Adam Rankin "Stovepipe" Johnson (February 6, 1834 – October 20, 1922) was an antebellum Western frontiersman and later an officer in the Confederate States Army during the American Civil War. Johnson obtained notoriety leading the Newburgh Raid using a force of only about 35 men. Johnson and his men confiscated supplies and ammunition without a shot being fired by tricking Newburgh's defenders into thinking the town was surrounded by cannons. In reality, the so-called cannons were an assemblage of a stove pipe, a charred log, and wagon wheels, forever giving the Confederate commander the nickname of Adam "Stovepipe" Johnson. Permanently blinded during a skirmish in 1864, Johnson in 1887 founded the town of Marble Falls, Texas, which became known as "the blind man's town."

Early life
Johnson was born in Henderson, Kentucky, a son of Thomas J. and Juliet (Rankin) Johnson. Educated in the local schools, he went to work at age 12 in a drugstore for the next eight years. In 1854 he moved to Hamilton Valley in Burnet County, Texas, and worked as a surveyor on the West Texas frontier. He was a noted Indian fighter and provided supplies and animals for the Butterfield Overland Mail stations. On January 1, 1861, he married Josephine Eastland of Austin, with whom he had nine children.

Civil War
When the Civil War began and his native Kentucky struggled to maintain its neutrality, Johnson returned home and joined Nathan B. Forrest's cavalry battalion as a scout, fighting with him at his first engagement at the Battle of Sacramento. He escaped capture with Forrest after Fort Donelson, when the Confederate commanders decided to surrender their post to the Union besiegers. He later received a promotion to colonel in recognition of his exploits with his 10th Kentucky Partisan Rangers, a regiment he raised that often operated deep behind Federal lines in Kentucky. Johnson's men harassed Union supply lines and attacked isolated garrisons. In July 1862, in his Newburgh Raid, Johnson captured the town of Newburgh, Indiana, bluffing its sizable Union militia force into surrendering with only twelve of his men and a stovepipe mounted and a burnt black log on the running gears of an abandoned wagon to form a Quaker cannon. His capture of the first Northern city to fall to the Confederates made the news even in Europe, and Johnson's men thereafter nicknamed him "Stovepipe".

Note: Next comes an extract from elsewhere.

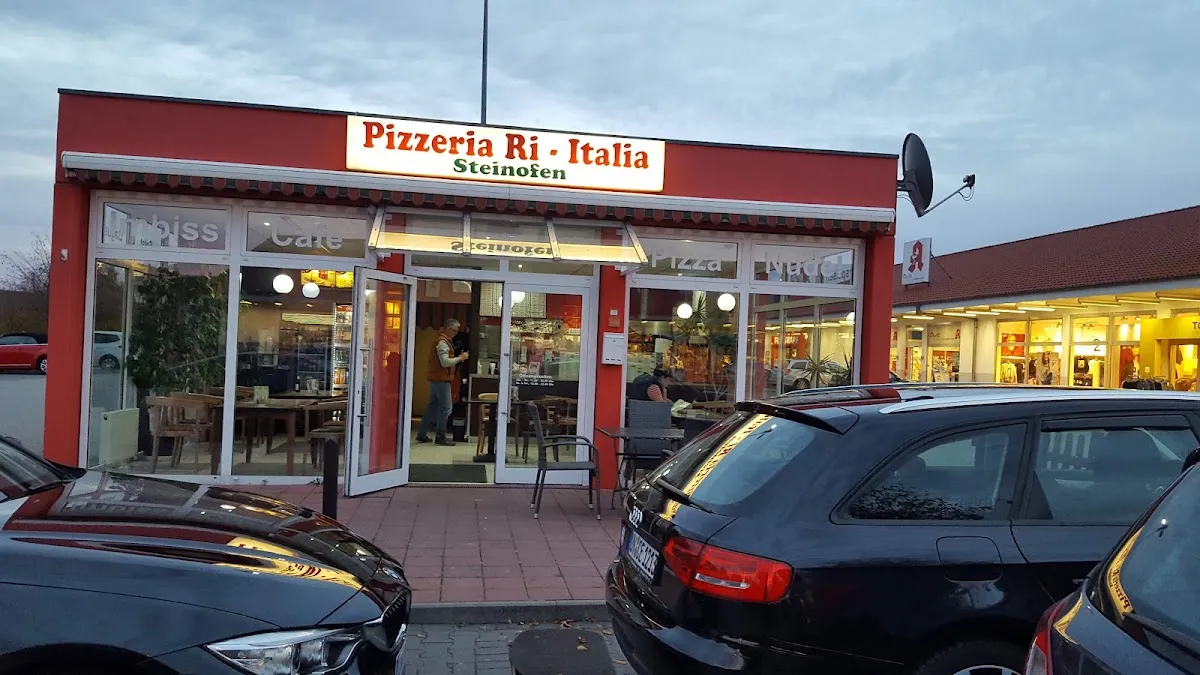 BookNoFees: Restaurante – Pizzeria Ri Italia – Holzwickede – Pizzería Ri Italia, foto 1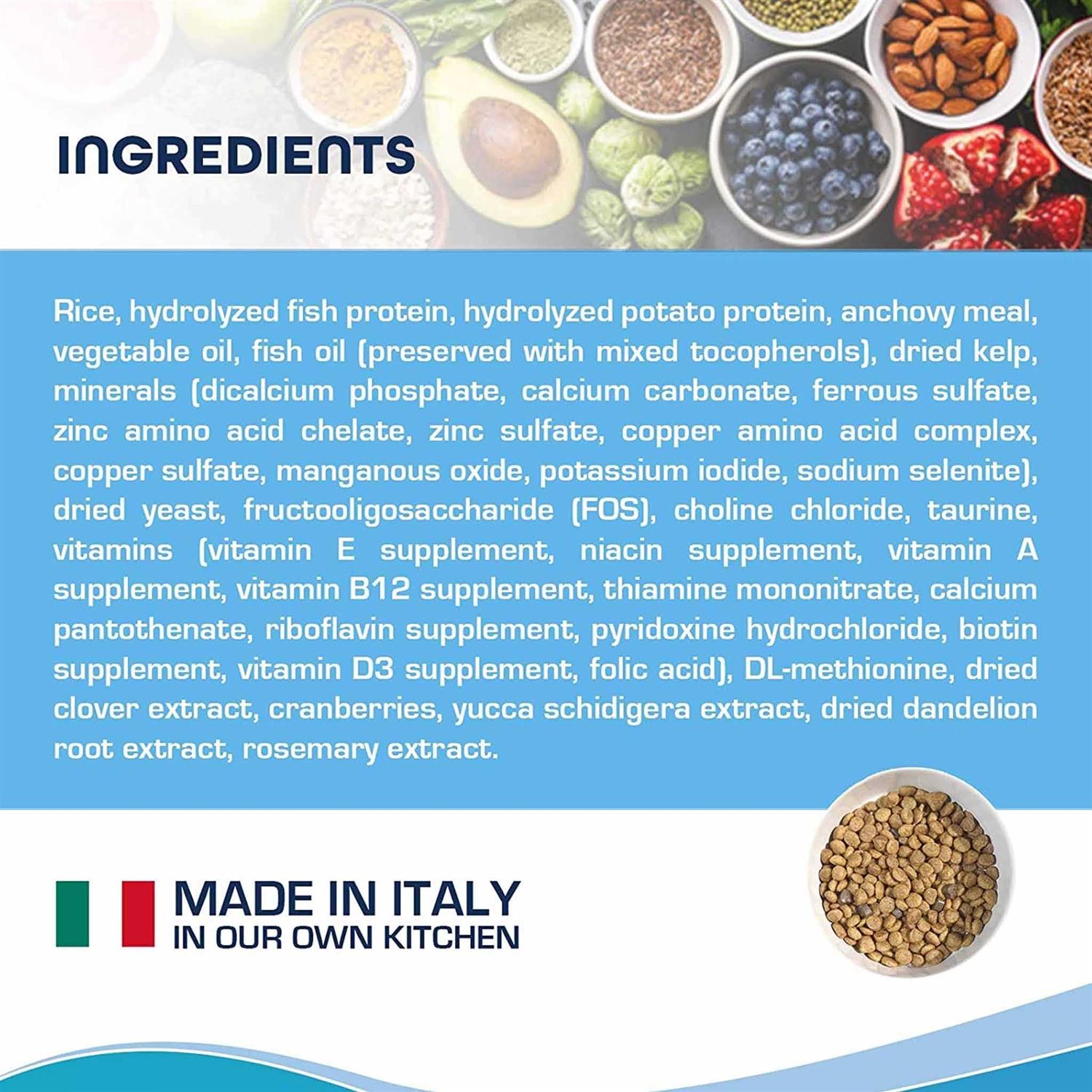 Renal Support Diet Dry Cat Food S723830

In 1863, Johnson assumed command of a brigade in the cavalry division of Brig. Gen. John Hunt Morgan. He reluctantly participated in Morgan's Raid, though he was only supposed to raid on the Kentucky side of the river. Following the Confederate disaster at the Battle of Buffington Island, Johnson led nearly 350 of his men across the rain-swollen Ohio River to safety. The remainder of Morgan's division was trapped on the Ohio side of the river and eventually forced to surrender.

Johnson was appointed brigadier general on September 6, 1864, to rank from June 1, 1864, though his appointment was never confirmed by the Confederate Congress. On August 21, 1864, he was blinded by an accidental shot from one of his own men during a skirmish at Grubb's Crossroads, near Princeton, Kentucky. Left behind because of his injuries, he was captured by the Federals and was a prisoner for much of the remainder of the war in Fort Warren. He was exchanged near the war's end, and despite his blindness attempted to return to active duty. However, the final surrender put a stop to that.

Postbellum
Adam R. Johnson returned to Texas after being exchanged and paroled in 1865. Although blind, he founded a town, established a company, and worked to harness the water power of the Colorado River. One of his sons was Rankin Johnson Sr., a former Major League pitcher for the Boston Red Sox and St. Louis Cardinals.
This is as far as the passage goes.